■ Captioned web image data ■
──────

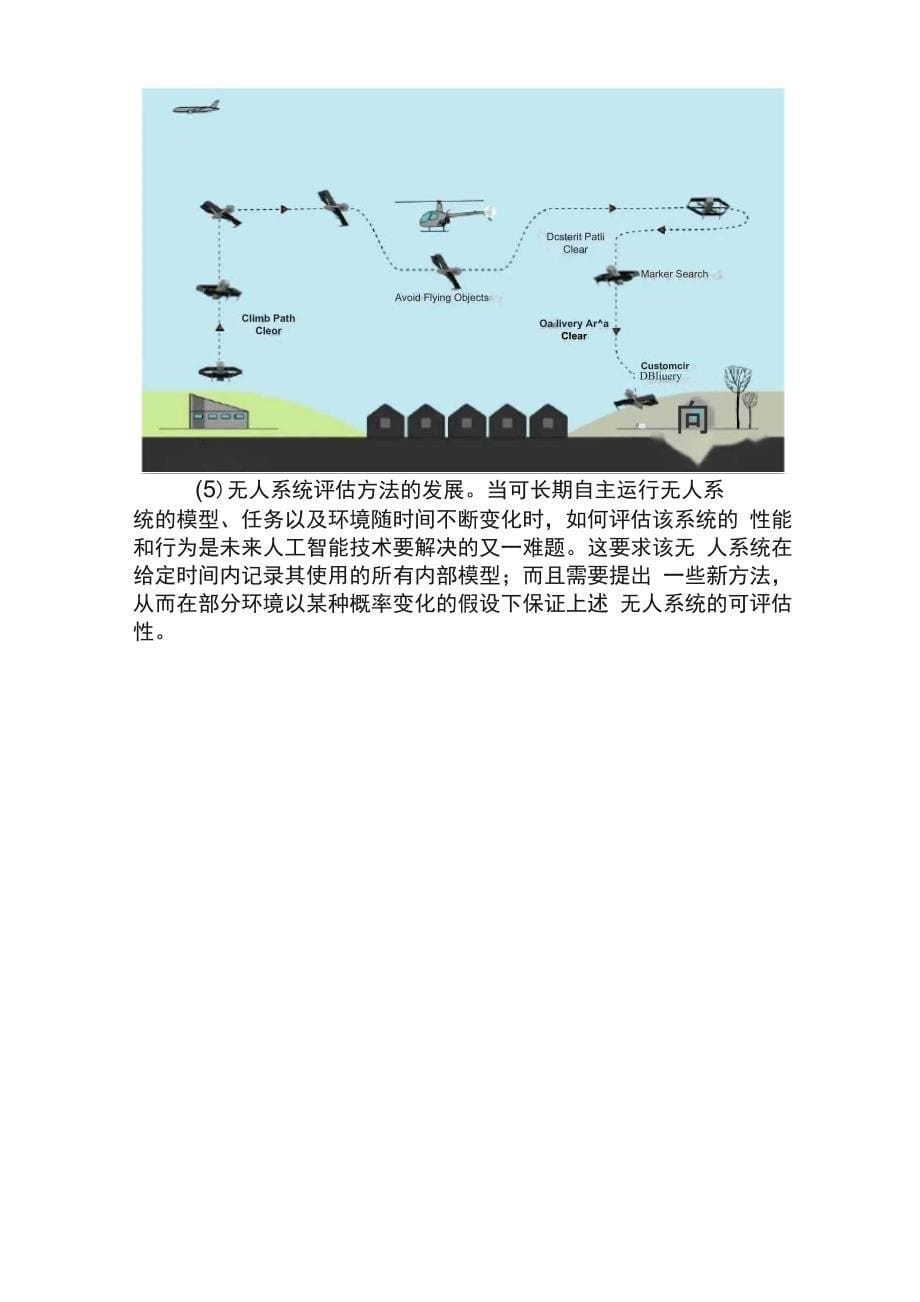 人工智能及智能无人系统技术现状与发展问题试卷_第5页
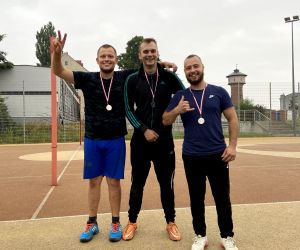 Na Orliku w Odolanowie odbył się turniej siatkówki 3-osobowej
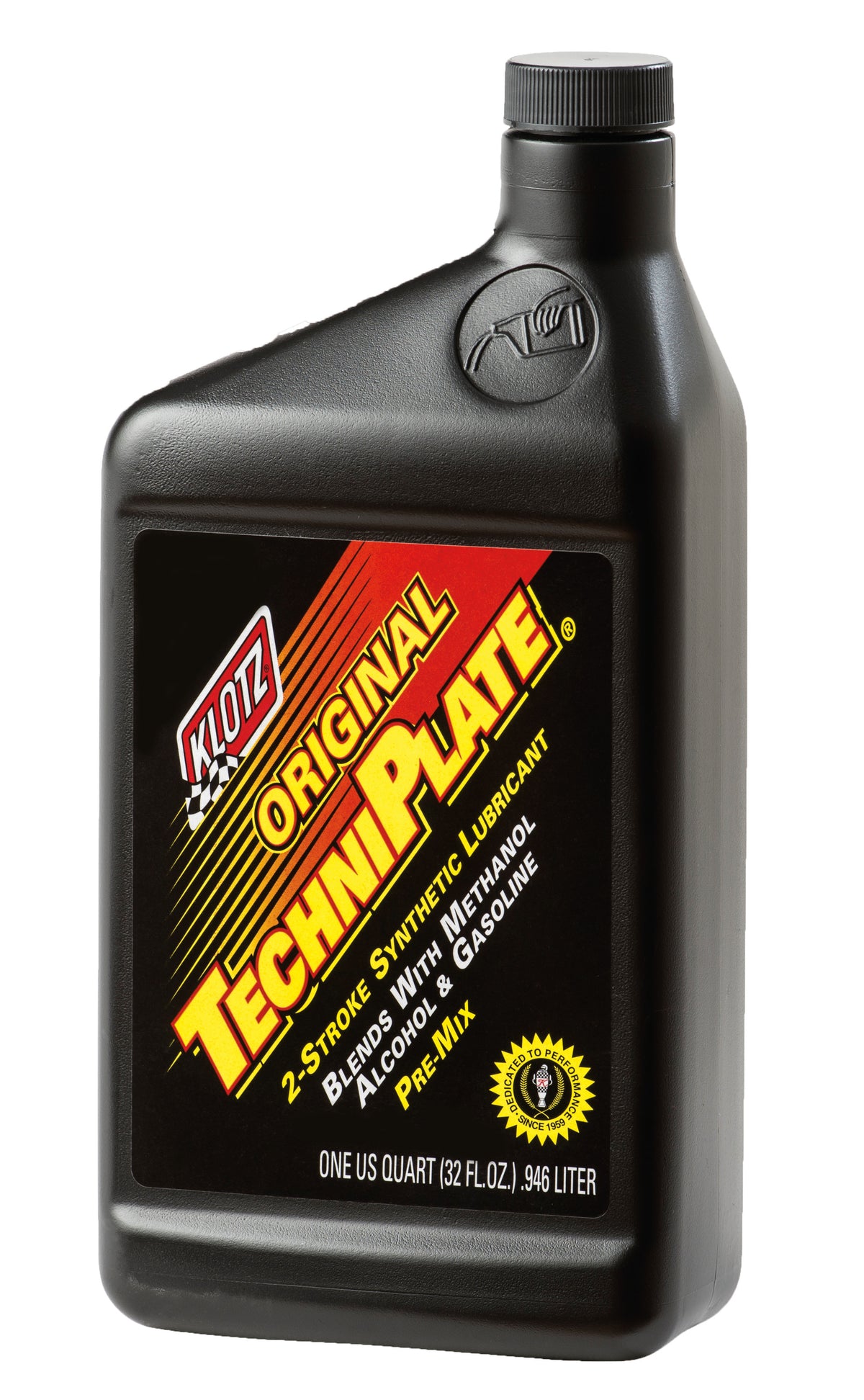 Klotz Original Techniplate Synthetic 2 Stroke Oil - 1 Qt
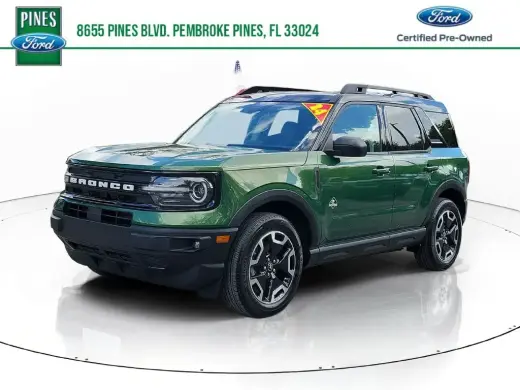 Ford Bronco Sport 2024 AWD Outer Banks 4dr SUV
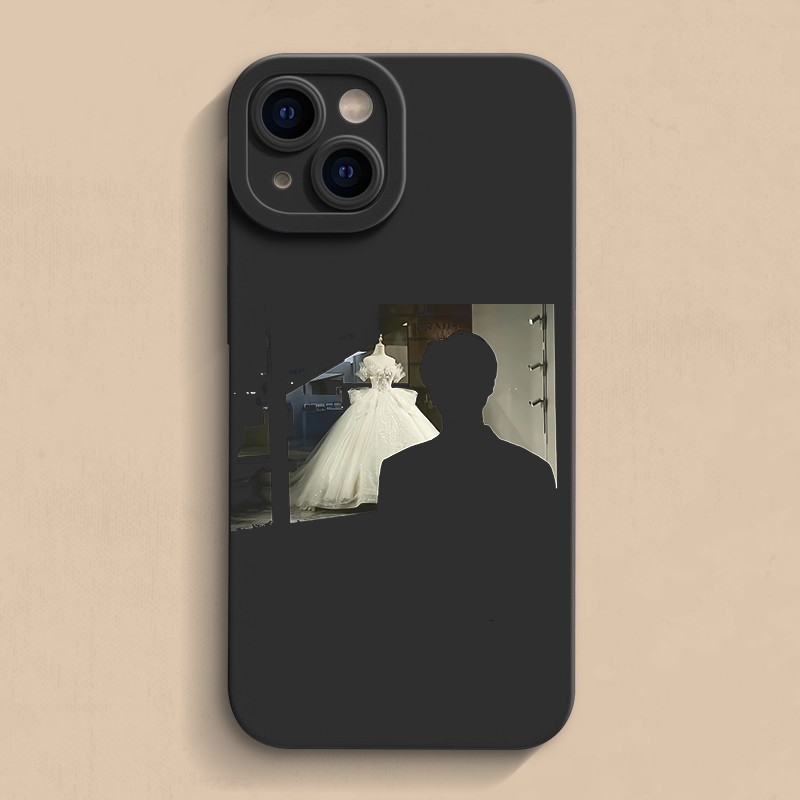 Untuk Case iPhone 11 12 13 PRO MAX 15 14 13 X XS XR 7 8 Plus casing hp Cartoon Cover aesthetic silik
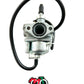 Carburatore Dellorto PHVA 17,5 Honda X8R-SKY-SFX-SGX 50cc art.1438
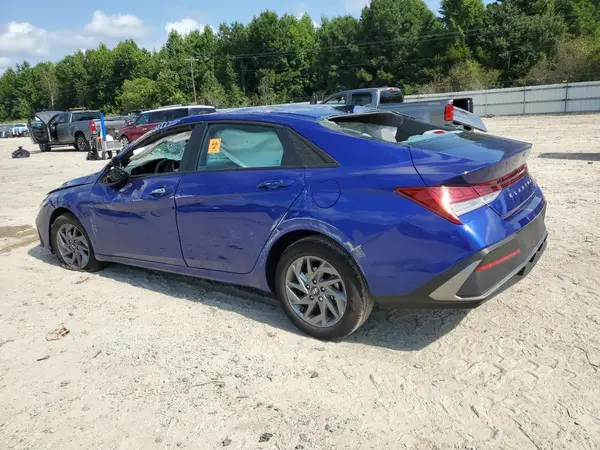 KMHLM4DJ2SU141798 2025 HYUNDAI ELANTRA - Image 2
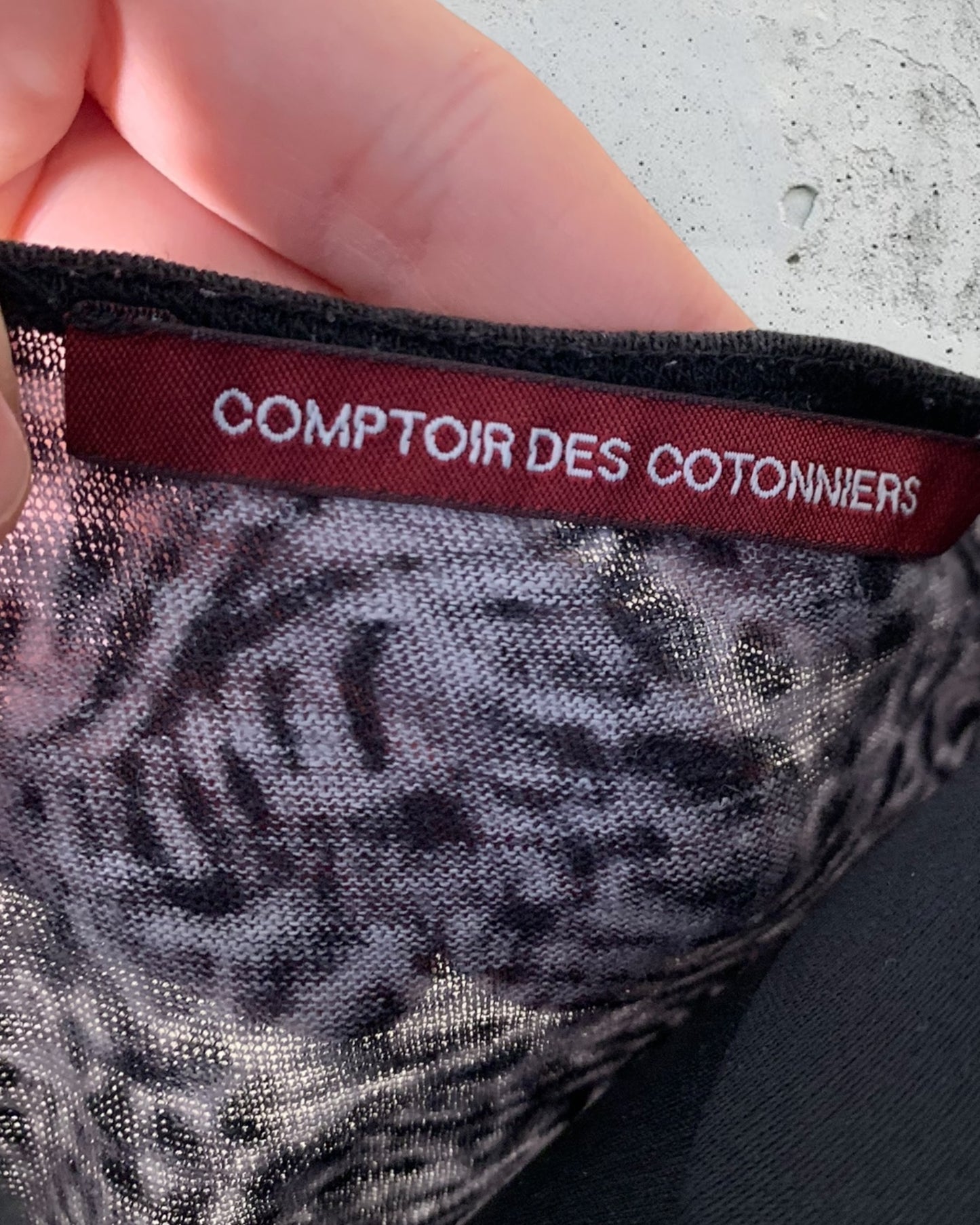 Pull Comptoir Des Cotonniers ( S / 36 / 8 )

──────

■ Your goal ■
Retype every record above word for word, leaving out any pictures.

■ Result ■
 人工智能及智能无人系统技术现状与发展问题试卷_第5页
 Na Orliku w Odolanowie odbył się turniej siatkówki 3-osobowej
 Klotz Original Techniplate Synthetic 2 Stroke Oil - 1 Qt
 Ford Bronco Sport 2024 AWD Outer Banks 4dr SUV
 Untuk Case iPhone 11 12 13 PRO MAX 15 14 13 X XS XR 7 8 Plus casing hp Cartoon Cover aesthetic silik
 Carburatore Dellorto PHVA 17,5 Honda X8R-SKY-SFX-SGX 50cc art.1438
 KMHLM4DJ2SU141798 2025 HYUNDAI ELANTRA - Image 2
 Pull Comptoir Des Cotonniers ( S / 36 / 8 )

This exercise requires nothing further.